One of the many reasons I’m building a new recording studio is, if I’m honest, to impress my three sons. So far all they’ve seen me use is my laptop and they don’t have a clue about its – and my – music making potential. Yes, they vaguely know I have something to do with music and technology but I’ve yet to ensnare them with the joys of the subject and their Wii seems to be a much far more interesting proposition.

So I figure that if I fill a room full of shiny and colourful music gear then they might be impressed enough to actually take an interest in what I do. Yes, I’m essentially trying to show off to them.

But so far it’s not working. My first purchase, the Unity Audio Rock monitors, are great, obviously, but to the untrained eyes of an 11, 9 and 7 year old they are just a set of speakers. No amount of me explaining to them about frequency responses and raising leg hairs seems to be impressing them. Strange that.

Don’t get me wrong I’m not forcing them to get into the intricacies of music technology, I simply want them to see and hear that what I actually do for a living can be, on occasion, quite exciting. And then maybe, in turn, they might be inspired to make some music. But even the arrival of the Novation BassStation 2 for review didn’t have the desired effect (“it’s a bit small isn’t it?”).

Fortunately this week I finally had time to get into Logic Pro X and it was this software that surprisingly got me a reaction. The three of them just happened to be milling around as I got the iPad control working. But even controlling Logic from an iPad only got a vague ‘cool’ out of one of them. There’s me controlling a professional music production package with a touch screen device and they’re only mildly impressed. “Come on people, this would have been the stuff of sci-fi fantasy dreams back in the 80s,” I nearly shout.
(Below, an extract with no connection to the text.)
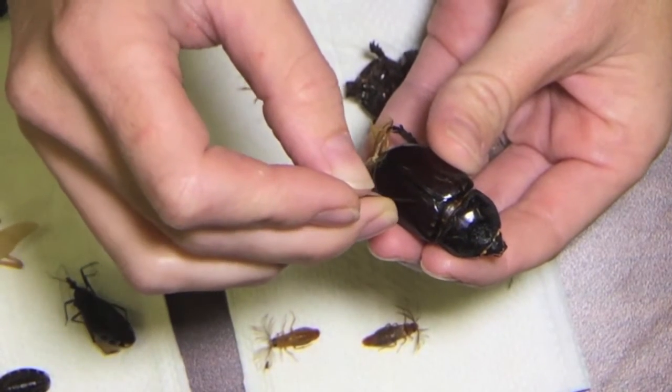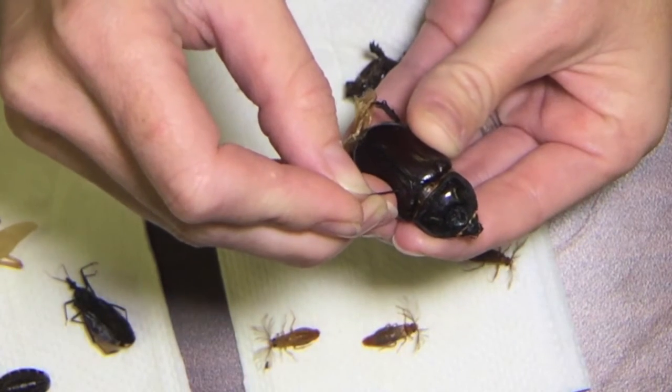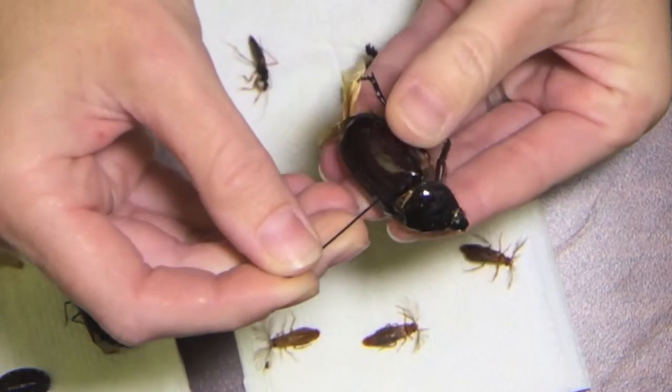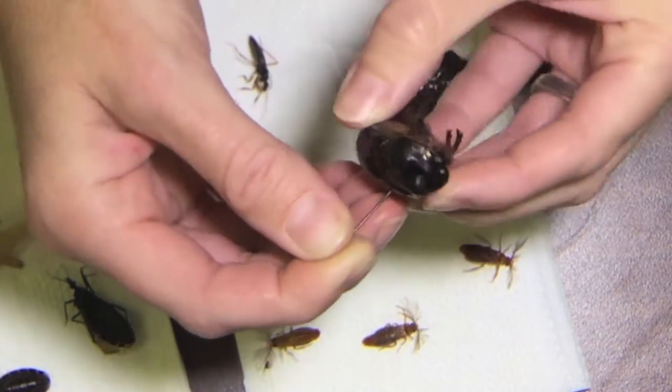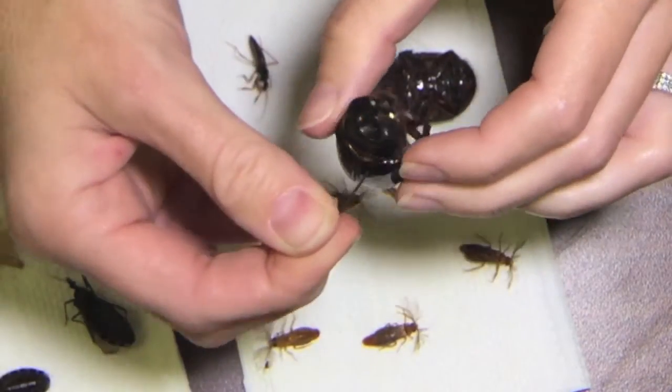I look for the midline or the middle of the insect and I put my pin just to the right of the middle of the insect — the insect's right. I push it through and make sure that the pin is on there straight, that he's not tilted to the left or the right or front or back too much.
But then I remember that these boys are pretty much already up to speed with Touch technology – it doesn’t impress them as nearly as much as me who once thought a ZX Spectrum was about as far as human kind would ever get with technology.

So I think on my feet, grab the iPad, run out of my studio – yes I call it a ‘studio’ even though it’s just a laptop with a pair of monitors so far – to the bathroom, sit on the throne and shout “I’m on the toilet!”. I hit hit play and stop in quick succession controlling a tune I’m working on in the studio with the iPad. On the toilet. Between it stopping and starting I hear giggling. (I hope they’re not laughing at the music.)

“Now do you see what I do?”

I’ve done it. They seem interested. Could this be the moment a new band is born? A world-conquering synth pop trio of 2020? Kind of like Hansen, but with keyboards? Or Sparks but 50% more?

Then reality dawns, I’ve just basically demonstrated to my sons how to make music from the toilet. Do they now think it’s an important part of the production process or, indeed, that this is what I do for a living? Some awkward conversations with their teachers at future parental consultations might be on the cards, but for now I’m happy just to get a reaction…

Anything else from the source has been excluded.